(SUPPLIED RECORDS begins)

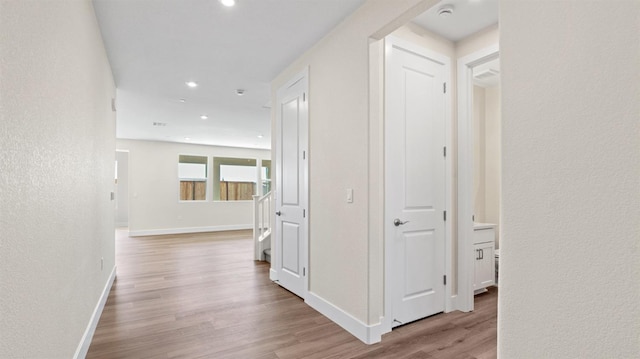 hall with light wood-style floors, recessed lighting, a textured wall, and baseboards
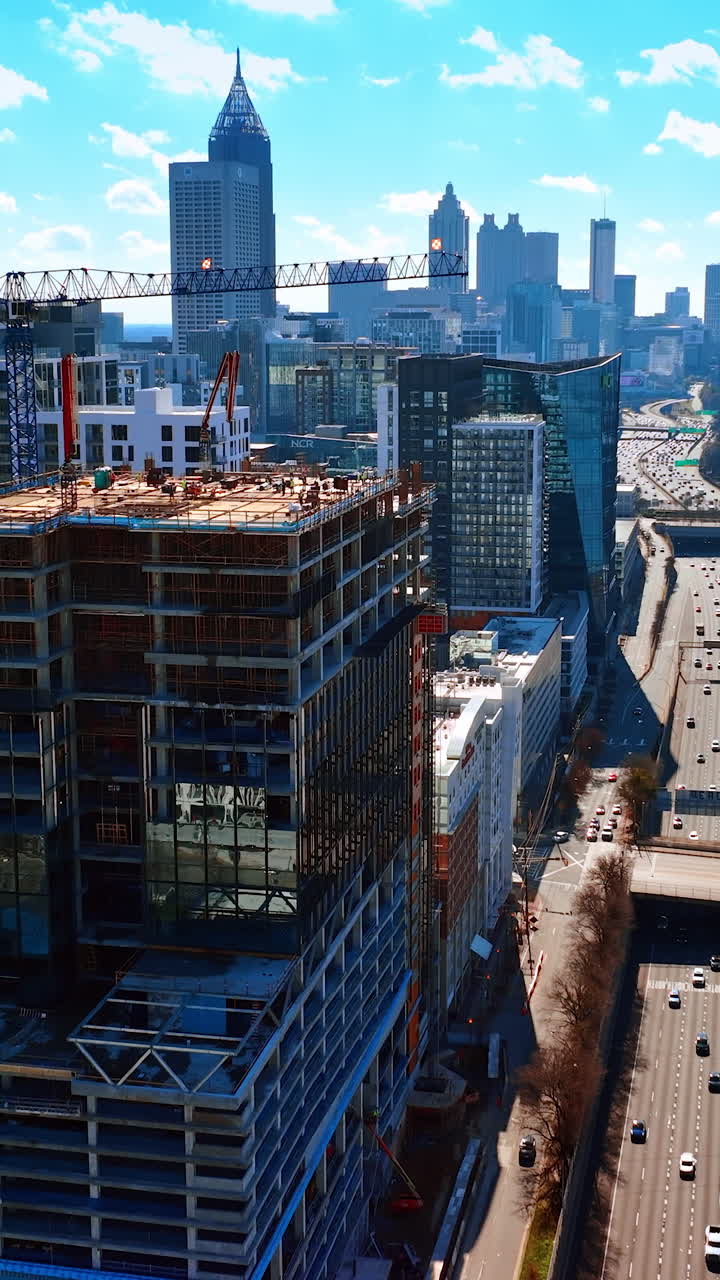 Lively traffic on the highways of Atlanta at daytime. Scenery of the city downtown from top on sunny fall day. Vertical video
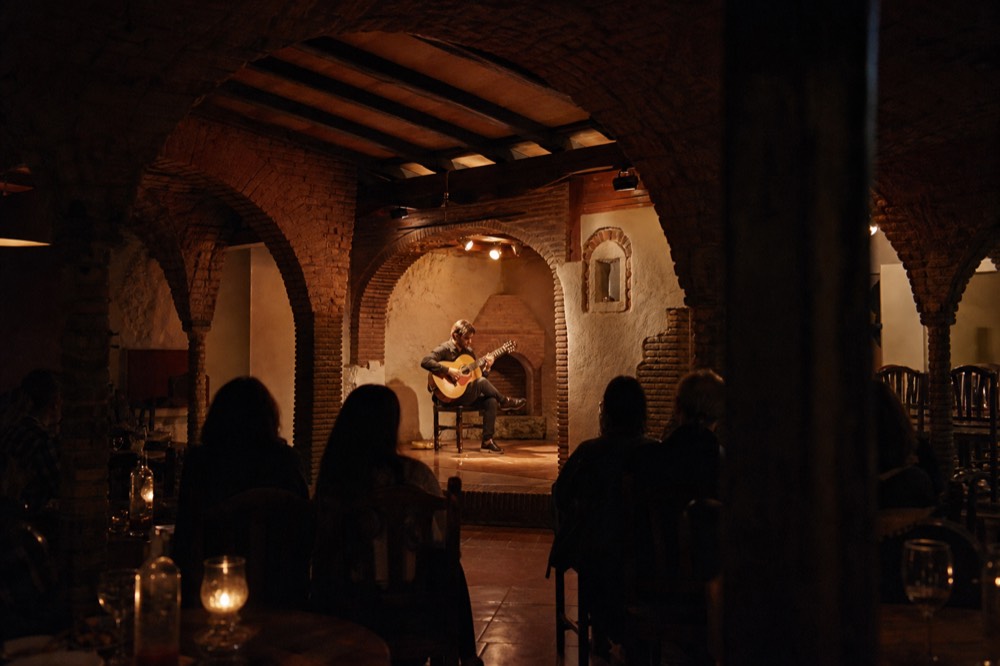 Interior of an old brick-and-timber tablao room with dinner tables ringing a low stage, a guitarist seated in warm light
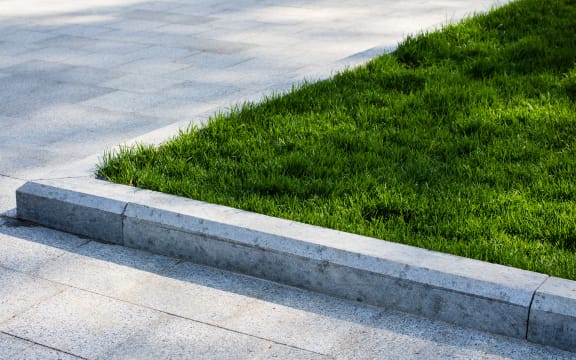 Green lawn on driveway, landscaping, berm.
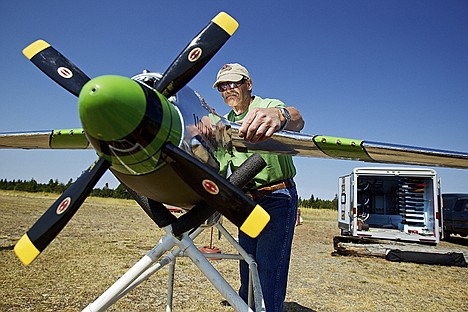 &lt;p&gt;Tommy Valcore affixes the wing on his 1/6th scale, remote control P-51 Mustang as he prepares it for a flight Friday at Farragut State Park.&lt;/p&gt;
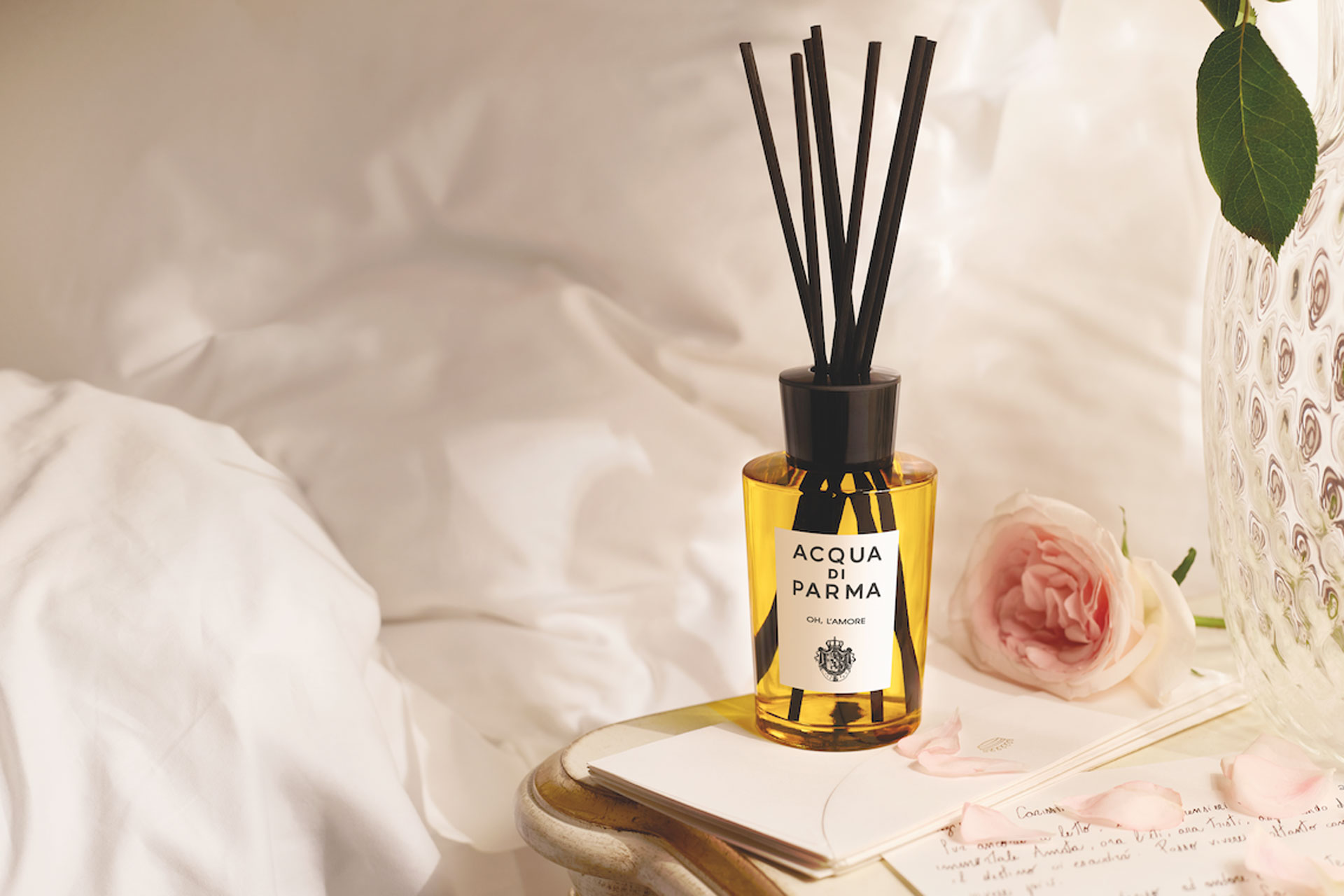 An Aqua Di Parma diffuser next to a bed on a bedside table with a rose on it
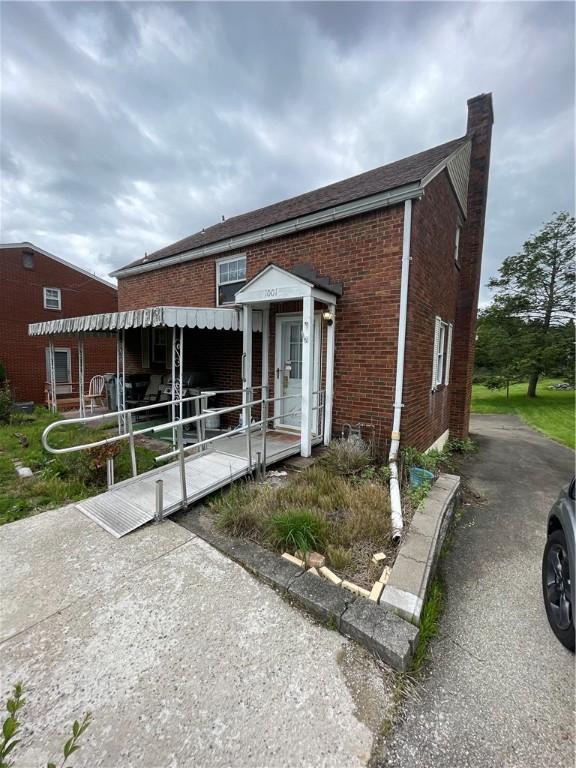 1001 Wible Run Rd, Shaler, PA 15209 - view of property featuring a chimney and brick siding
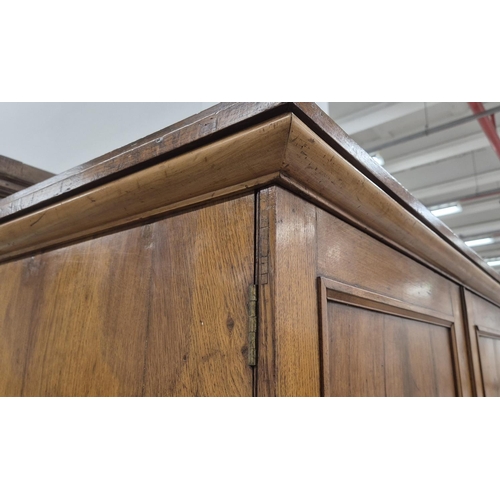 201 - REGENCY OAK AND HOLLY WARDROBE, with a pair of panelled doors enclosing hanging space over a drop fr... 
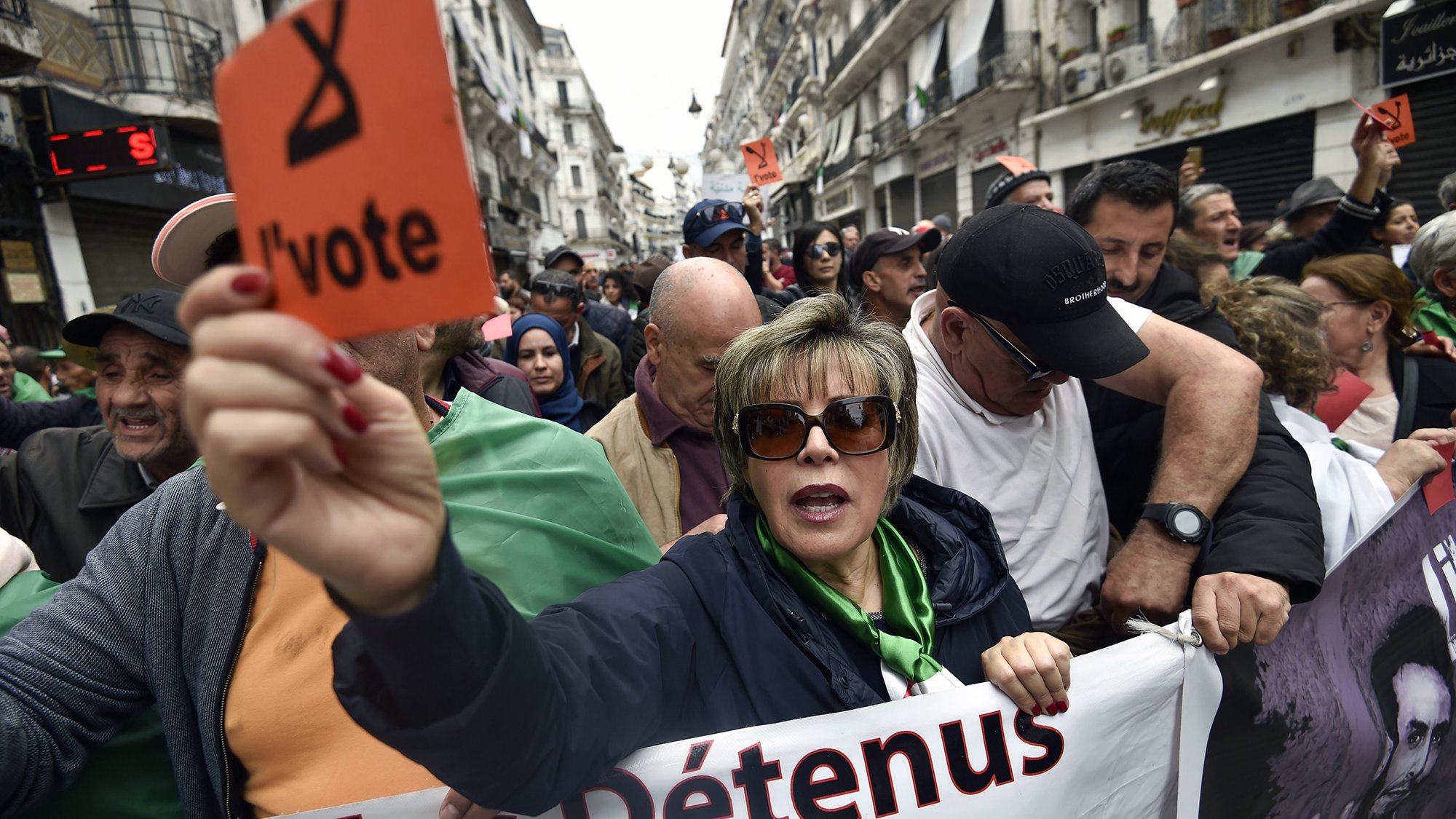 L'image montre une manifestation dans une rue d'Alger. Au premier plan, une femme tient une pancarte orange avec le mot "l'vote". Elle est entourée par d'autres manifestants, dont certains portent des drapeaux algériens. L'atmosphère semble engagée et déterminée, avec des expressions de solidarité parmi les participants. Des banderoles sont visibles, indiquant des revendications liées à la situation politique. L'environnement urbain et les bâtiments en arrière-plan témoignent d'une ambiance dynamique de protestation.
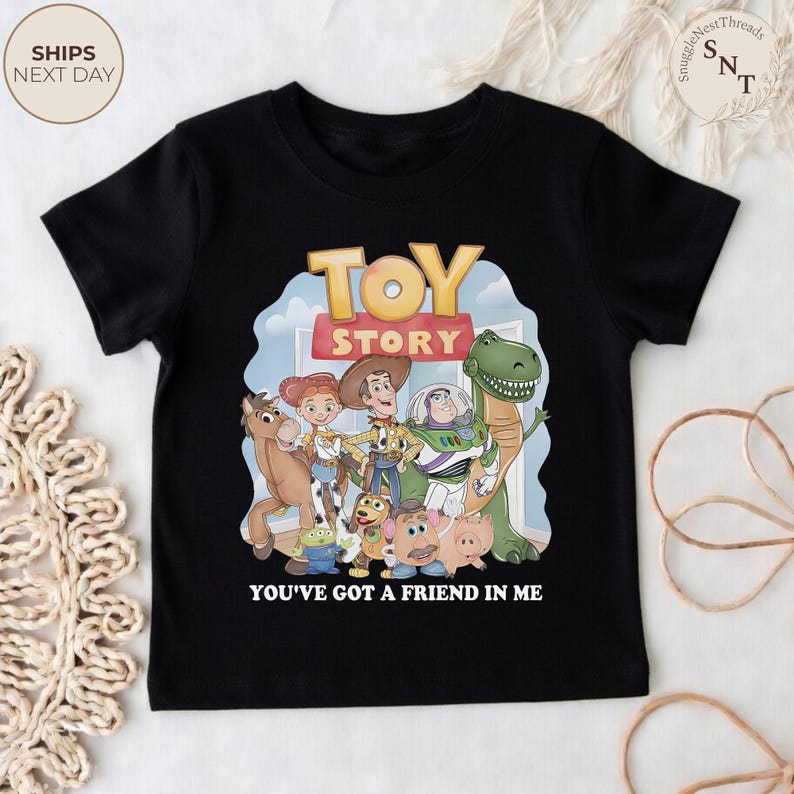 K&ouml;nnte beinhalten: Schwarzes T-Shirt mit einer farbenfrohen Grafik von Charakteren aus dem Film "Toy Story". Das Design umfasst Woody, Buzz Lightyear und andere Charaktere mit den Worten "TOY STORY" und "YOU'VE GOT A FRIEND IN ME."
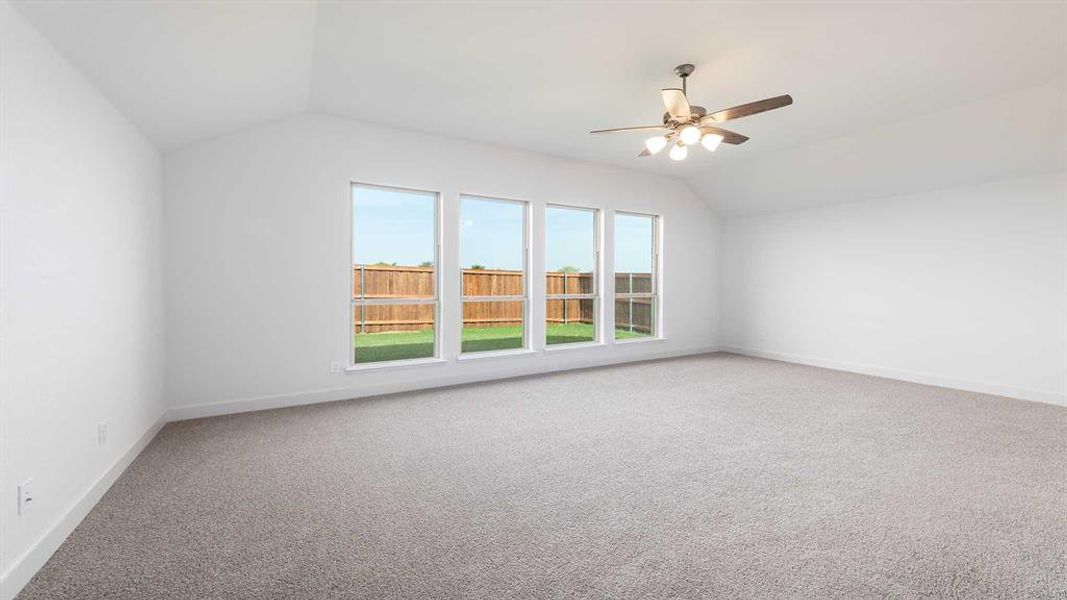 Carpeted empty room with lofted ceiling and ceiling fan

(SUPPLIED RECORDS ends)

▶ WORK TO COMPLETE
Beginning at the line with "1001 Wible Run" and ending at the last line of the listing above, retype each line exactly, including those two lines. Leave the pictures out.

▶ ANSWER FOR THIS EXERCISE
 1001 Wible Run Rd, Shaler, PA 15209 - view of property featuring a chimney and brick siding
 201 - REGENCY OAK AND HOLLY WARDROBE, with a pair of panelled doors enclosing hanging space over a drop fr... 
 L'image montre une manifestation dans une rue d'Alger. Au premier plan, une femme tient une pancarte orange avec le mot "l'vote". Elle est entourée par d'autres manifestants, dont certains portent des drapeaux algériens. L'atmosphère semble engagée et déterminée, avec des expressions de solidarité parmi les participants. Des banderoles sont visibles, indiquant des revendications liées à la situation politique. L'environnement urbain et les bâtiments en arrière-plan témoignent d'une ambiance dynamique de protestation.
 K&ouml;nnte beinhalten: Schwarzes T-Shirt mit einer farbenfrohen Grafik von Charakteren aus dem Film "Toy Story". Das Design umfasst Woody, Buzz Lightyear und andere Charaktere mit den Worten "TOY STORY" und "YOU'VE GOT A FRIEND IN ME."
 Carpeted empty room with lofted ceiling and ceiling fan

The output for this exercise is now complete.